Chemical entities
The Chemical Entities AP module (chemical_entities_ap.yaml) imports the Material Entities AP module and thus adds chemical identity to the material entity layer. It allows describing chemical substances as material things that are mixable, soluble and most importantly composed of certain chemical structures.
Design Pattern
ChemicalEntity
The ChemicalEntity shape is mapped to CHEBI:23367 (labeled molecular entity in CHEBI; aliased as such in the schema) and extends Entity from DCAT-AP+, not MaterialEntity. It was labeled ChemicalEntity because chemists often find CHEBI's label misleading as it suggests only molecules, excluding ions, radicals, complexes, and conformers that are all in scope of CHEBI:23367.
Why ChemicalEntity extends Entity, not MaterialEntity
Ontologically, a CHEBI chemical entity is a BFO material entity, and a reasoner can infer this from the ontology axioms. But ChemDCAT-AP is a shape specification, not an ontology. If ChemicalEntity extended MaterialEntity, it would inherit the MaterialisticMixin slots (has_temperature, has_mass, has_volume, has_density, has_pressure, has_physical_state) via LinkML's is_a inheritance.
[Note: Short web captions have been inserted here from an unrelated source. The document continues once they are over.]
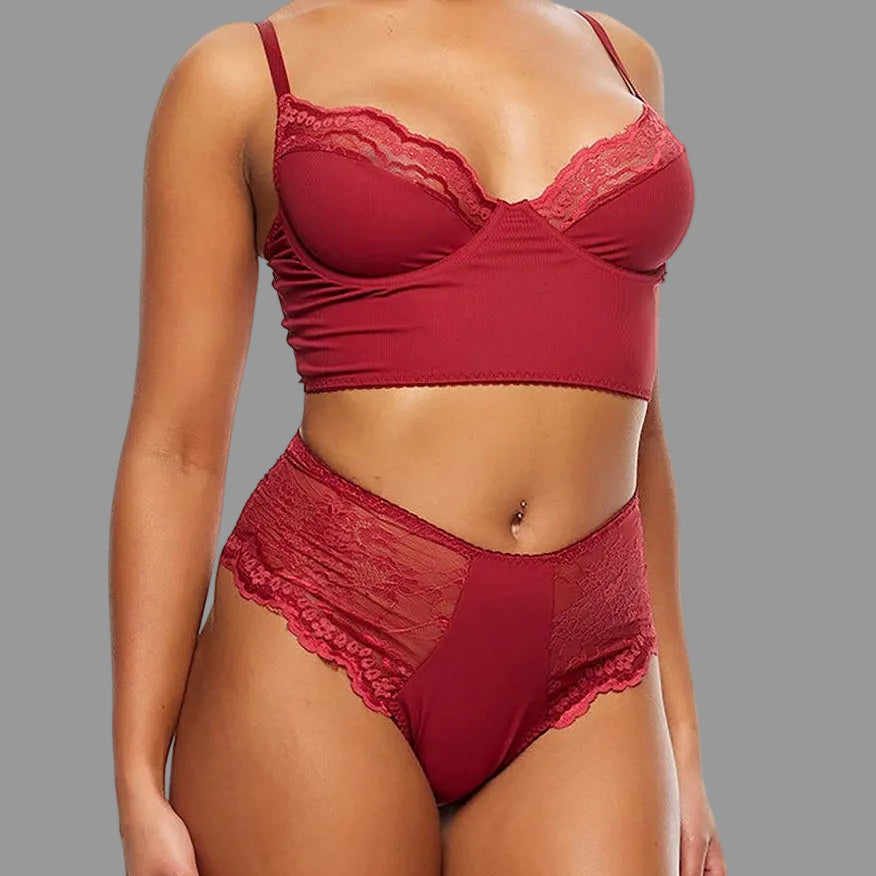 A woman modeling a two-piece lingerie set in a deep red color, featuring a lace-trimmed bralette and matching high-waisted briefs, against a plain white background.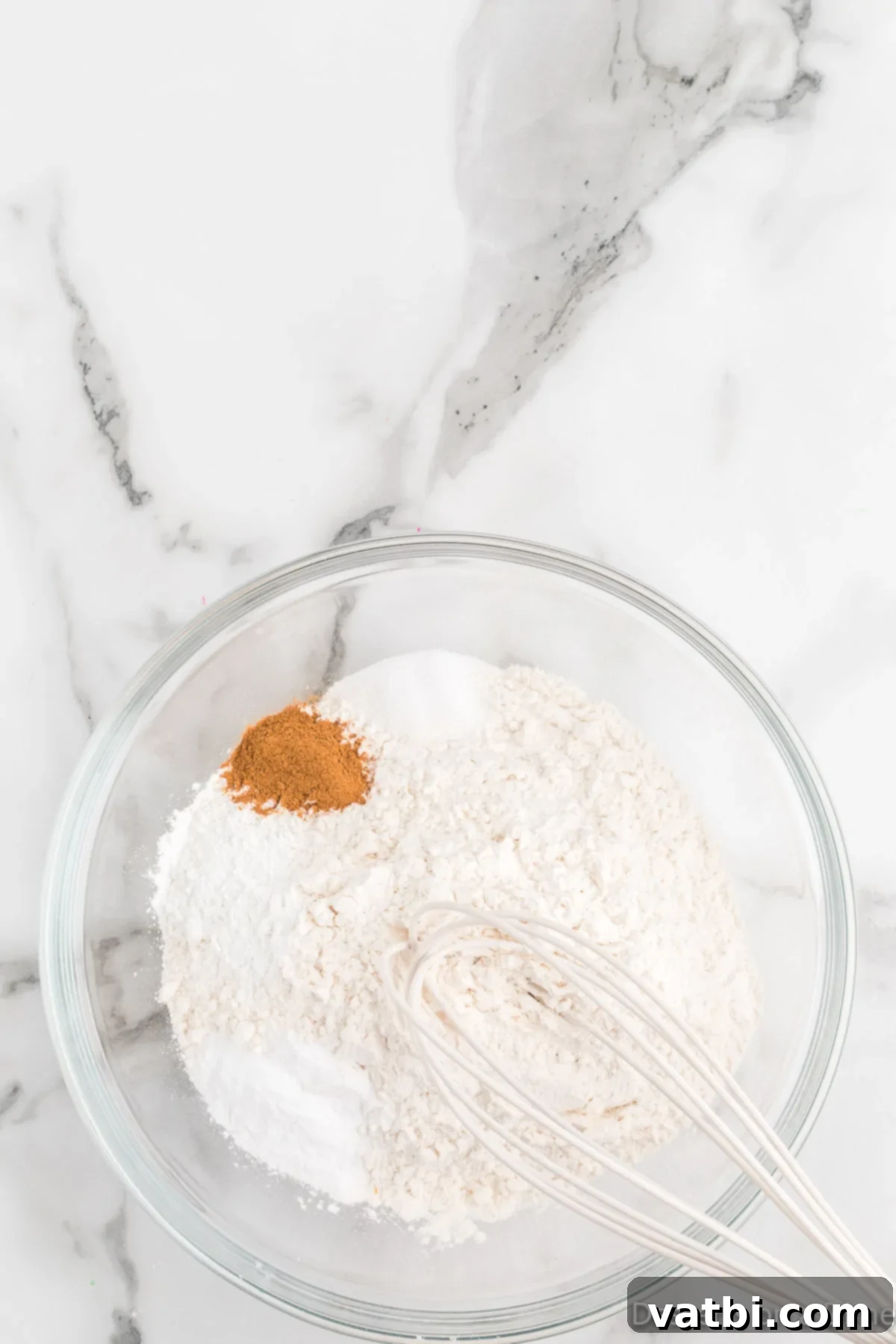 Festive Ranch Cookies 4 Combining the dry ingredients in a bowl: all-purpose flour, baking soda, baking powder, ground cinnamon, and salt, being whisked together thoroughly.
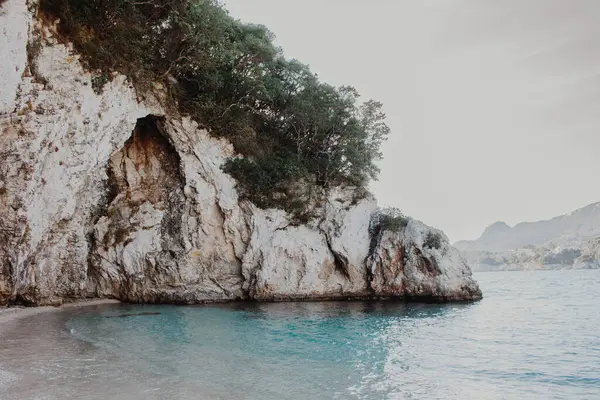 ギリシャのコルフ 緑の植物や木が育つ青い水のビーチの巨大な岩 — ストック写真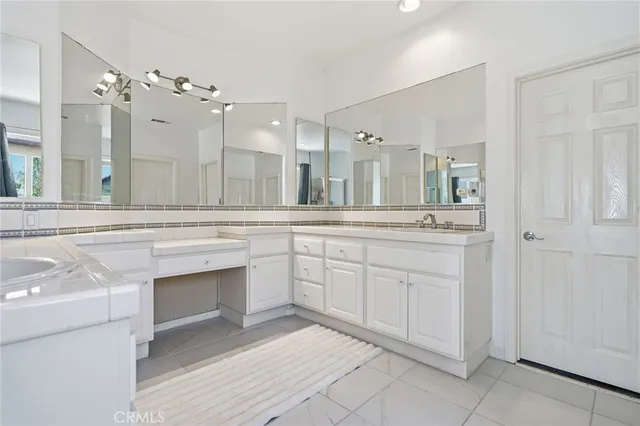 a spacious bathroom with a sink a mirror and a bathtub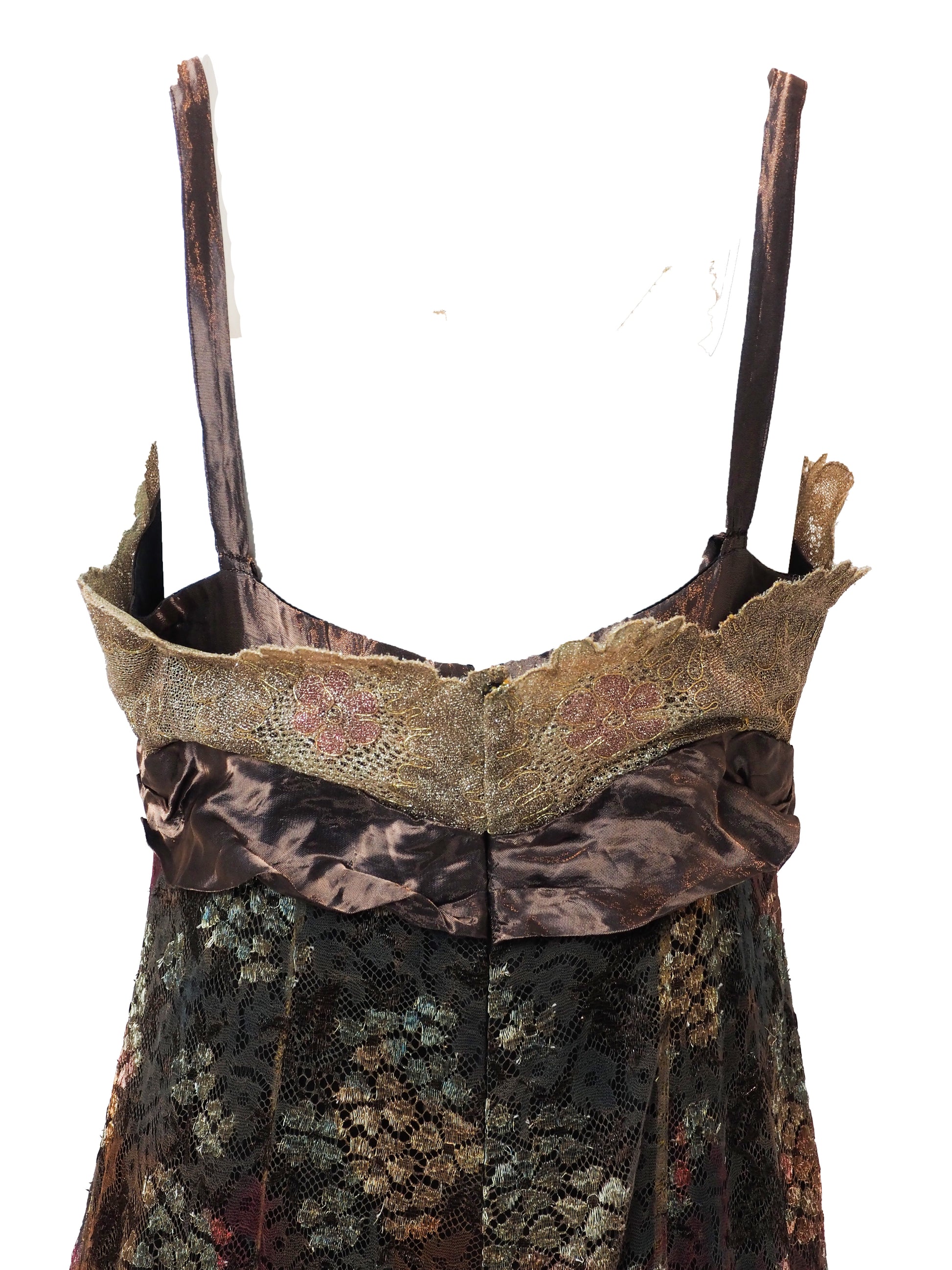 A vintage christian Lacroix runway sleeveless maxi dress with a sheer floral lace pattern in earthy tones of brown, green, and gold, featuring a cream lace bodice and a dark brown satin waist tie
These physical property slots do not make sense at the molecular level (an individual molecule does not have a temperature or a density) and would confuse schema users into thinking they should populate them. Extending Entity directly avoids this: molecular-level classes get only the slots they need (structure descriptors), while macroscopic substance classes get physical properties through the ChemicalSubstanceMixin applied to MaterialEntity subclasses.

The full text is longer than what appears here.